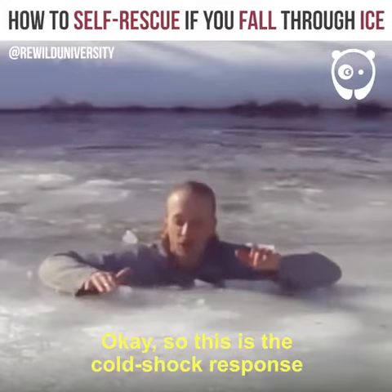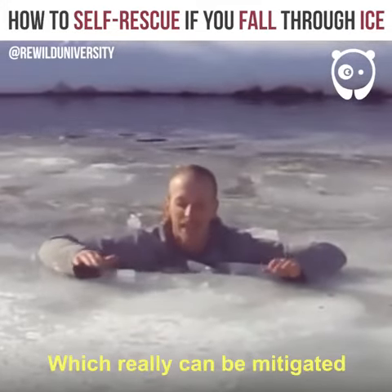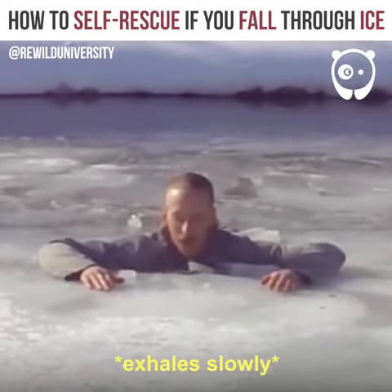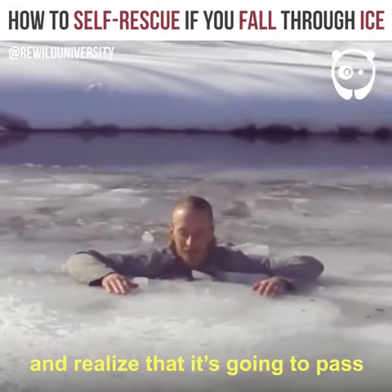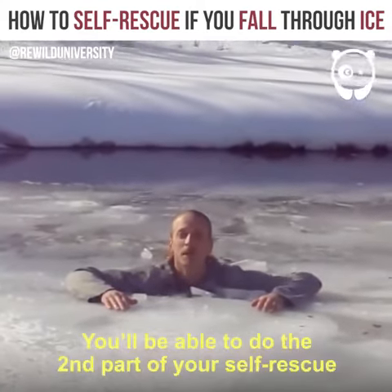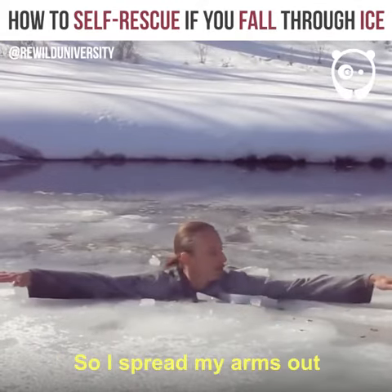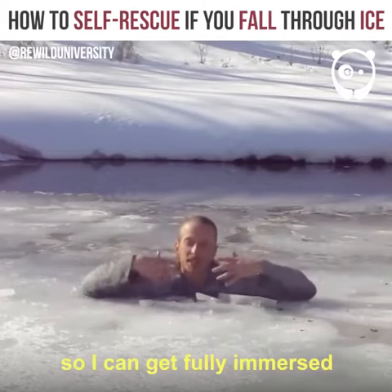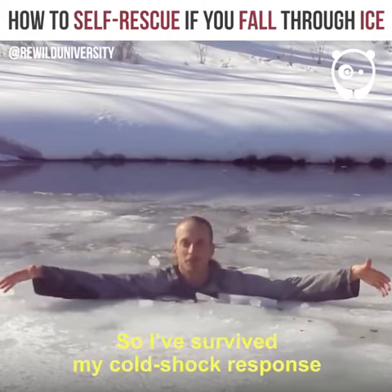This is the cold shock response, which can really be mitigated if you just relax and realize that it's going to pass. After it passes, you'll be able to do the second part of your self-rescue. I spread my arms out so that I didn't get fully immersed — that gasp response didn't make me inhale water. So I've survived my cold shock response.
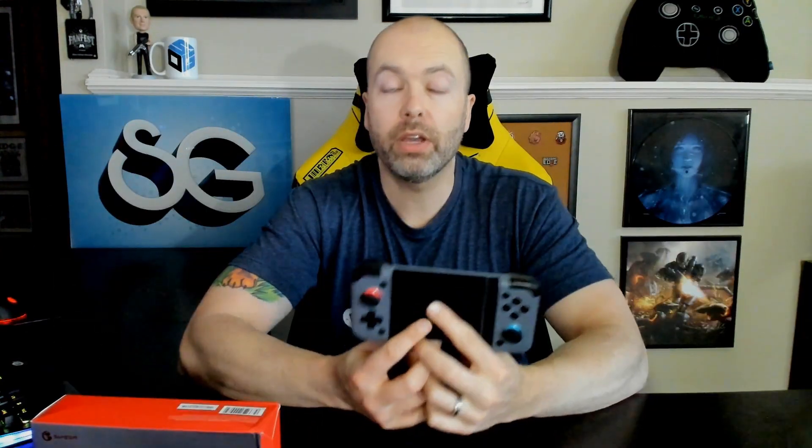Two core details to know out of the gate: first, this extends to 173 millimeters, which is roughly 6.8 inches. So when measuring your phone width-wise, if it's bigger than 6.8 inches this won't work. The other thing to keep in mind is that because this is Bluetooth, there is a little bit of input lag compared to USB-C, but according to GameSir it's about 10 milliseconds — incredibly minor. It's there but it hasn't really negatively impacted my experience.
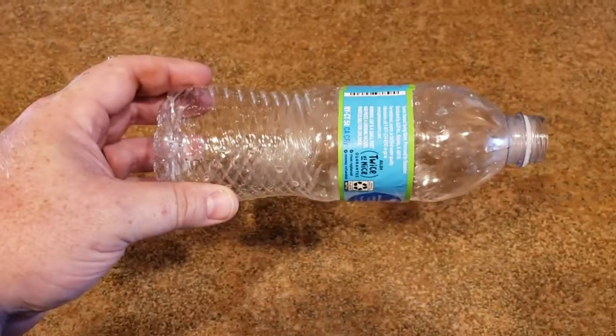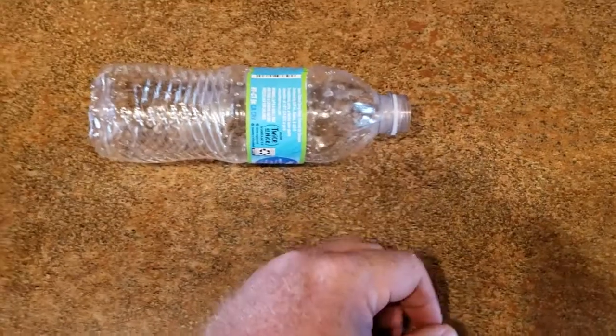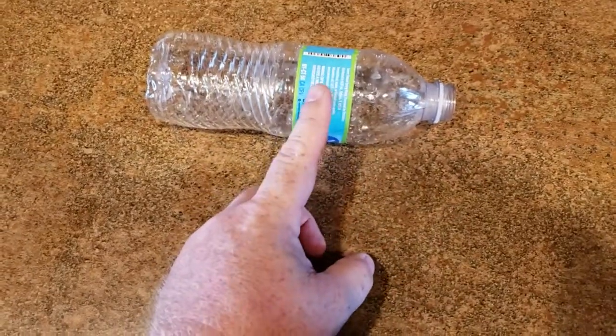What I'm going to do is cut this bottle in half here, and we're going to keep the side with the cap and the lid first. And I'll be right back. I'm also going to remove the label here just so it's easier to be visible inside of there.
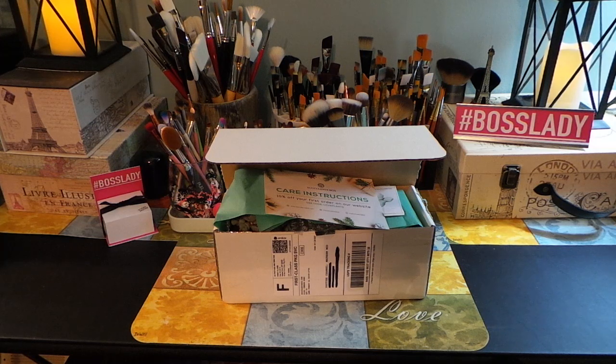Today's video is from a company called succulentsbox.com and they are located in California. They reached out to me after seeing me on YouTube, which was wonderful. I was so pleased when they did and asked me if I would like to receive a box for a review. And obviously I said yes — I am a big plant lover and I am a gardener in the spring and summer months here in my state.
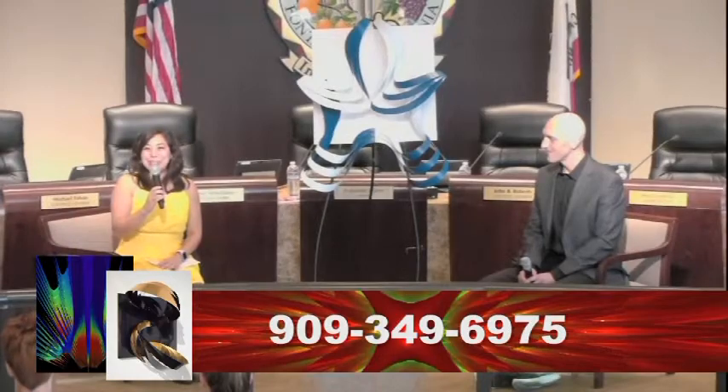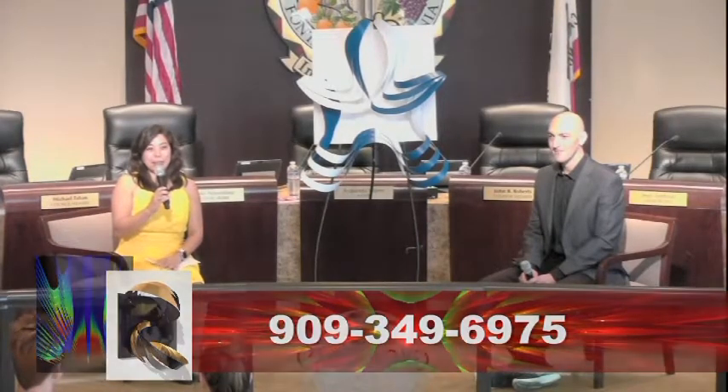If you'd like to see more of Stuart's work, you can visit the foyer outside the Grover W. Taylor City Council Chambers or the Art Depot Gallery. His art will be up until September 25th. If you like hands-on art, please check out our Make and Create program — our next one is on September 9th from 1 to 4. For more information about this or any of our other cultural arts events, please visit our website at arts.fontana.org or call the Art Depot Gallery at 909-349-6975. See you next time!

Exercise prompt -
Give back the material above exactly as it appears, minus any picture.

Finished exercise -
This is the cold shock response, which can really be mitigated if you just relax and realize that it's going to pass. After it passes, you'll be able to do the second part of your self-rescue. I spread my arms out so that I didn't get fully immersed — that gasp response didn't make me inhale water. So I've survived my cold shock response.
Two core details to know out of the gate: first, this extends to 173 millimeters, which is roughly 6.8 inches. So when measuring your phone width-wise, if it's bigger than 6.8 inches this won't work. The other thing to keep in mind is that because this is Bluetooth, there is a little bit of input lag compared to USB-C, but according to GameSir it's about 10 milliseconds — incredibly minor. It's there but it hasn't really negatively impacted my experience.
What I'm going to do is cut this bottle in half here, and we're going to keep the side with the cap and the lid first. And I'll be right back. I'm also going to remove the label here just so it's easier to be visible inside of there.
Today's video is from a company called succulentsbox.com and they are located in California. They reached out to me after seeing me on YouTube, which was wonderful. I was so pleased when they did and asked me if I would like to receive a box for a review. And obviously I said yes — I am a big plant lover and I am a gardener in the spring and summer months here in my state.
If you'd like to see more of Stuart's work, you can visit the foyer outside the Grover W. Taylor City Council Chambers or the Art Depot Gallery. His art will be up until September 25th. If you like hands-on art, please check out our Make and Create program — our next one is on September 9th from 1 to 4. For more information about this or any of our other cultural arts events, please visit our website at arts.fontana.org or call the Art Depot Gallery at 909-349-6975. See you next time!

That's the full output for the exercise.